§ **Work required**
In the records below, find the line with "Stretch Madison Relaxed-Fit" and repeat exactly every line from it through the line with "Woman with defined". Pictures stay out.

(Dataset excerpts)
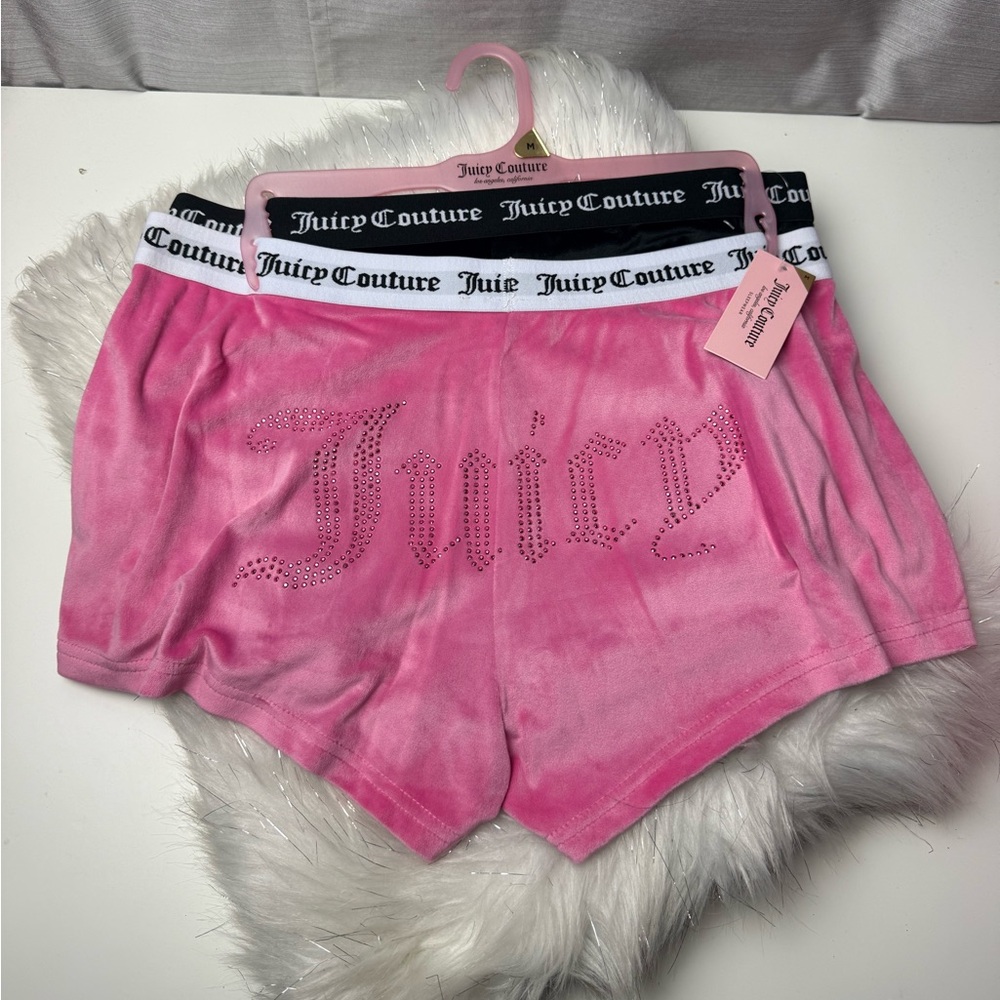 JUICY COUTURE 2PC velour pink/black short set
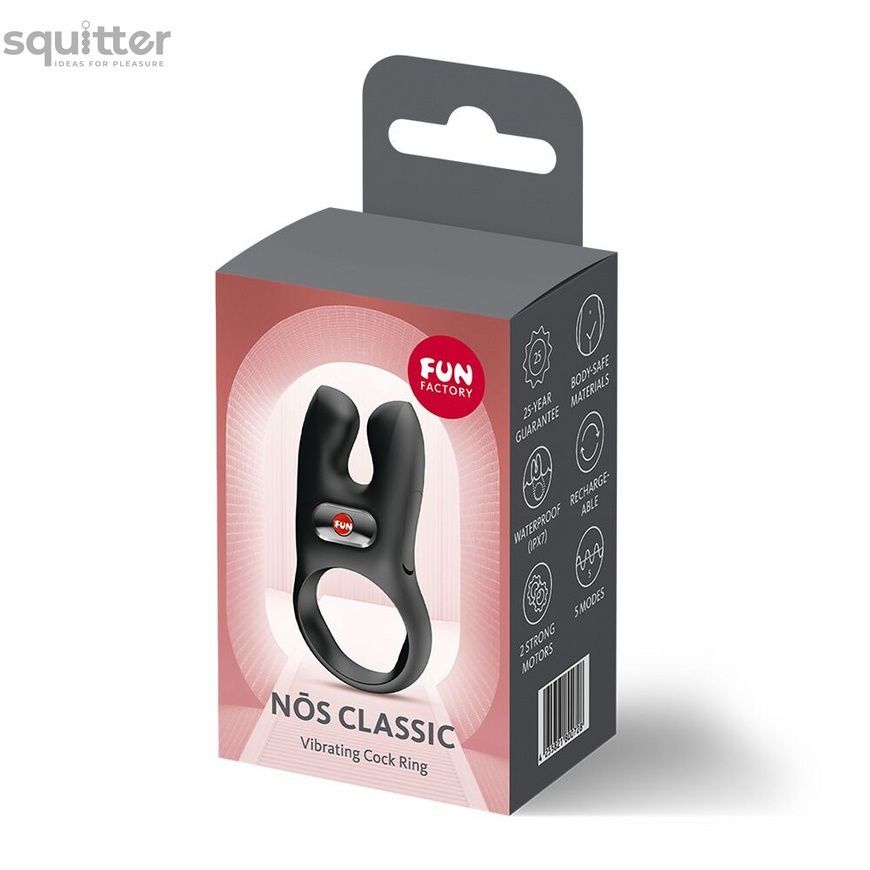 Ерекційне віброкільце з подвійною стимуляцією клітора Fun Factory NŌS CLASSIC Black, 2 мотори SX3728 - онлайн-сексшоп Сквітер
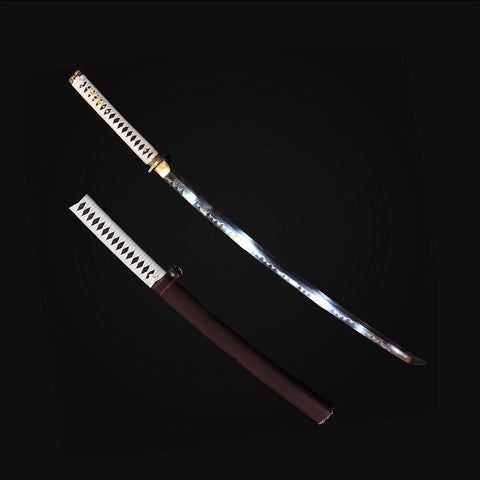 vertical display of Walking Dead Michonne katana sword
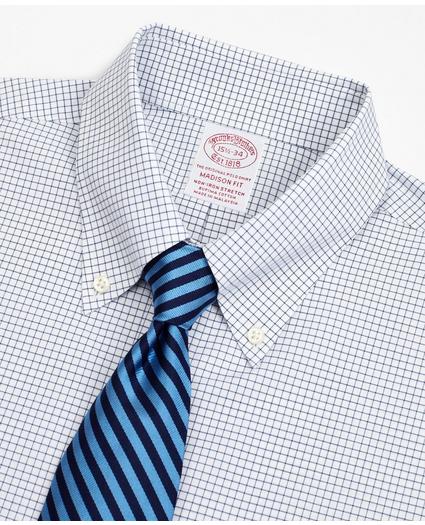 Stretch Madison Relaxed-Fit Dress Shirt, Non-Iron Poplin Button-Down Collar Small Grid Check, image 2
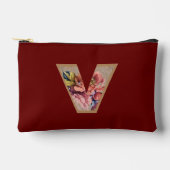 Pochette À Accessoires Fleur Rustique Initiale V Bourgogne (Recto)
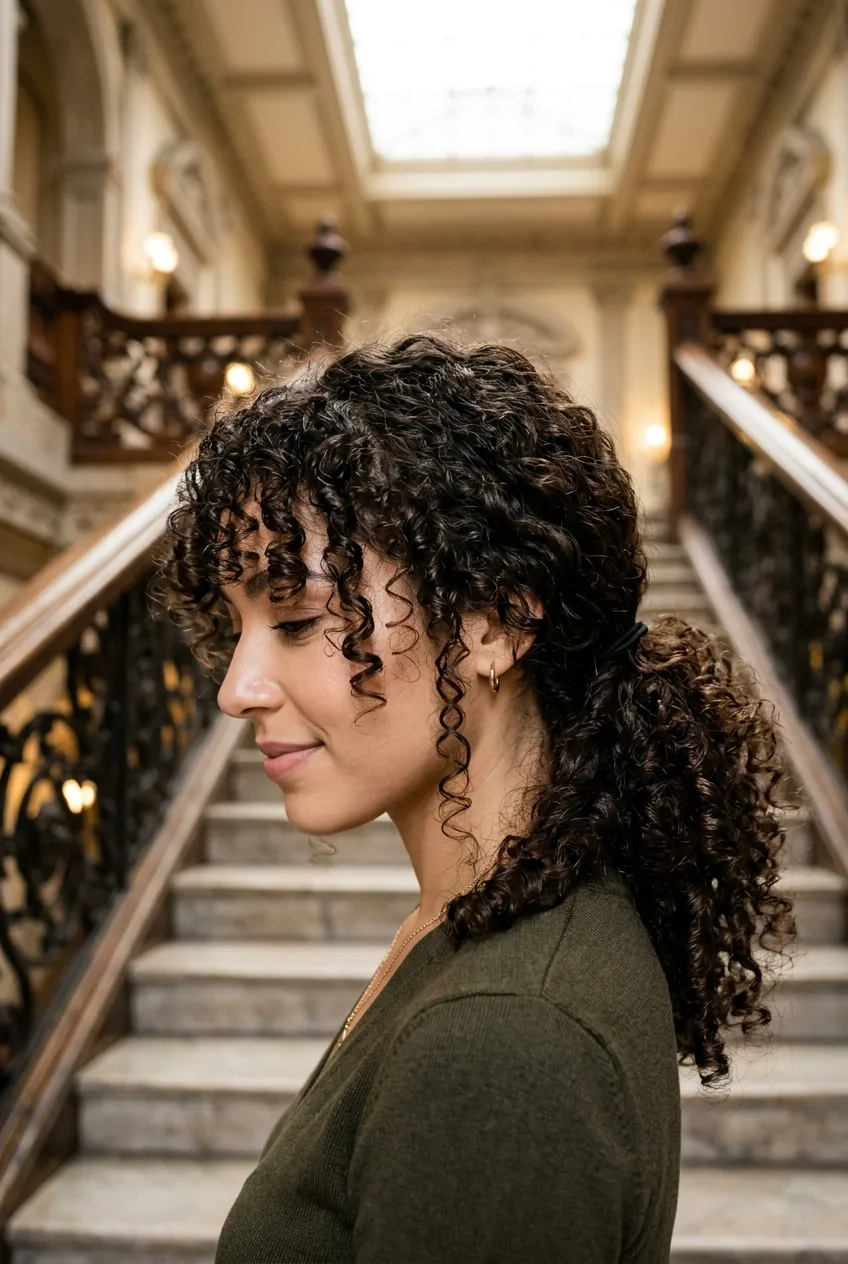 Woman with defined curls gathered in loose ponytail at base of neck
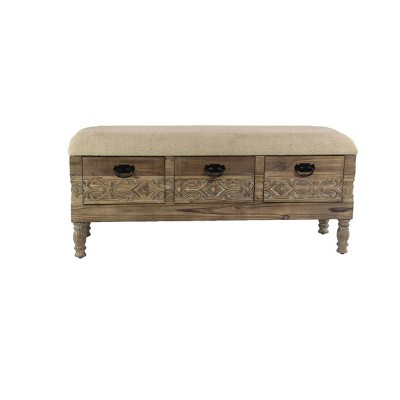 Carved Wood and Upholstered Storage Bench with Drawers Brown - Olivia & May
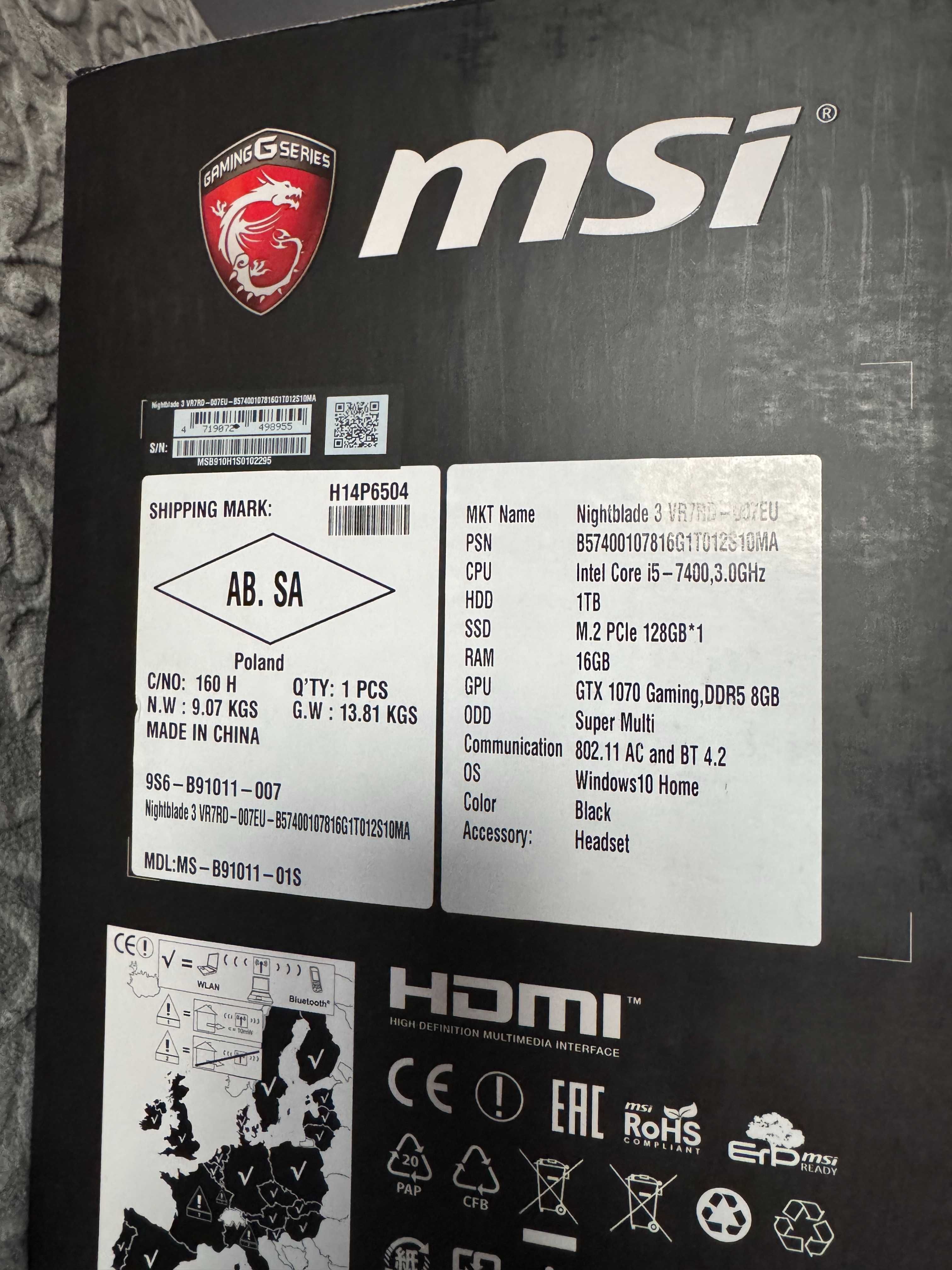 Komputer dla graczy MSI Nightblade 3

§ **Answer to the exercise**
 Stretch Madison Relaxed-Fit Dress Shirt, Non-Iron Poplin Button-Down Collar Small Grid Check, image 2
 Pochette À Accessoires Fleur Rustique Initiale V Bourgogne (Recto)
 Woman with defined curls gathered in loose ponytail at base of neck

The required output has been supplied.